REQUIRED WORK →
Print exactly the lines that run from the one containing "Serene oil painting" to the final line of the data, both included, and print none of the pictures.

RECORDED INFORMATION →
---

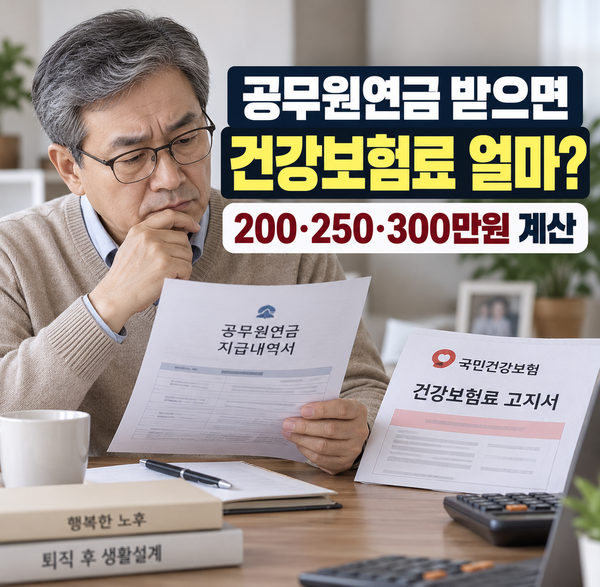 공무원연금 받으면 건강보험료 얼마나 낼까, 월 200·250·300만원으로 계산했습니다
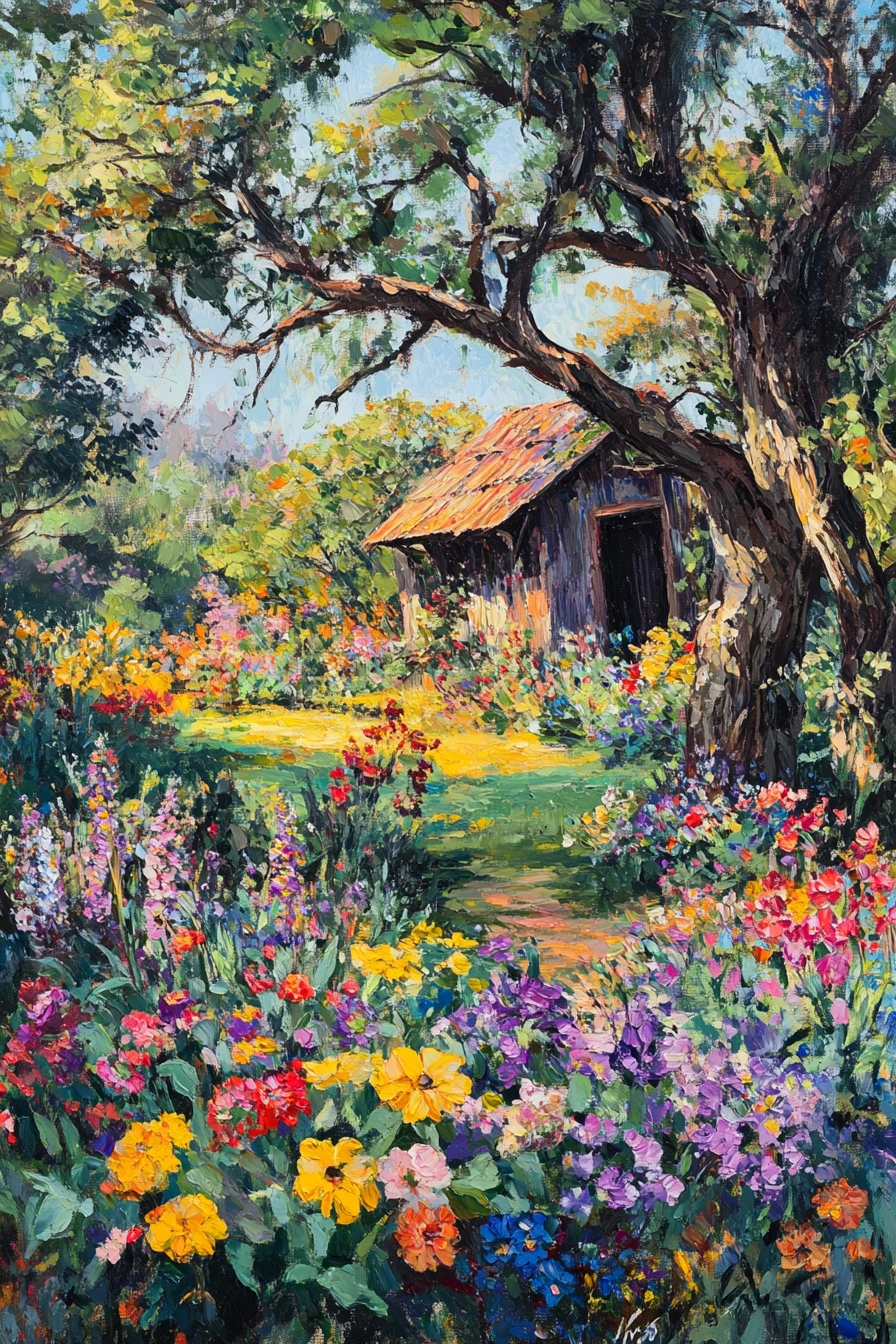 Serene oil painting of a lush garden under old trees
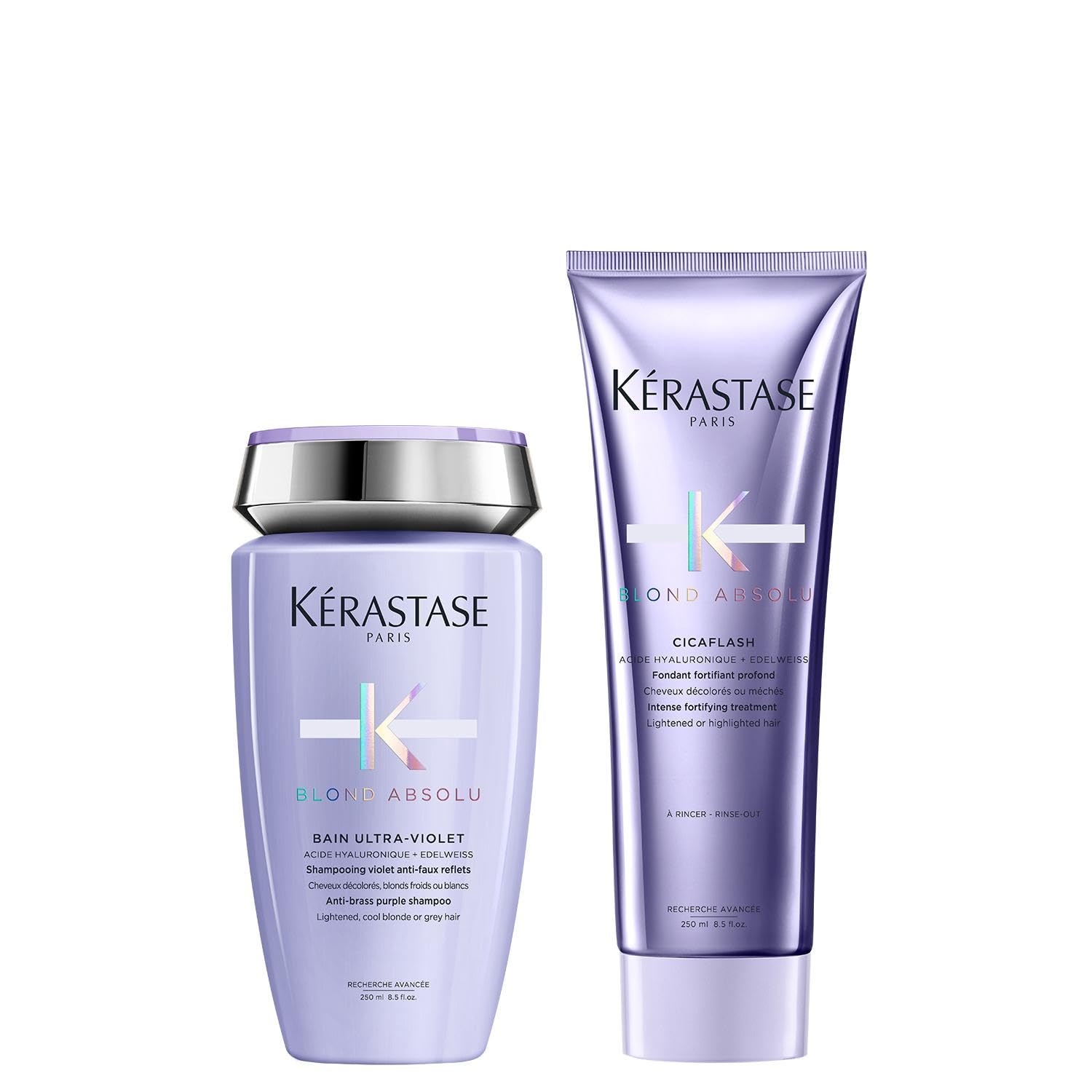Kérastase Pflegeset mit Anti-Gelbstich Shampoo und Haarspülung für strapaziertes und ausgeblichenes Haar, Mit Hyaluronsäure, Bain Ultra-Violet & Cicaflash Conditioner, Blond Absolu (2 x 250 ml)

---

ANSWER TO THIS EXERCISE →
 Serene oil painting of a lush garden under old trees
Kérastase Pflegeset mit Anti-Gelbstich Shampoo und Haarspülung für strapaziertes und ausgeblichenes Haar, Mit Hyaluronsäure, Bain Ultra-Violet & Cicaflash Conditioner, Blond Absolu (2 x 250 ml)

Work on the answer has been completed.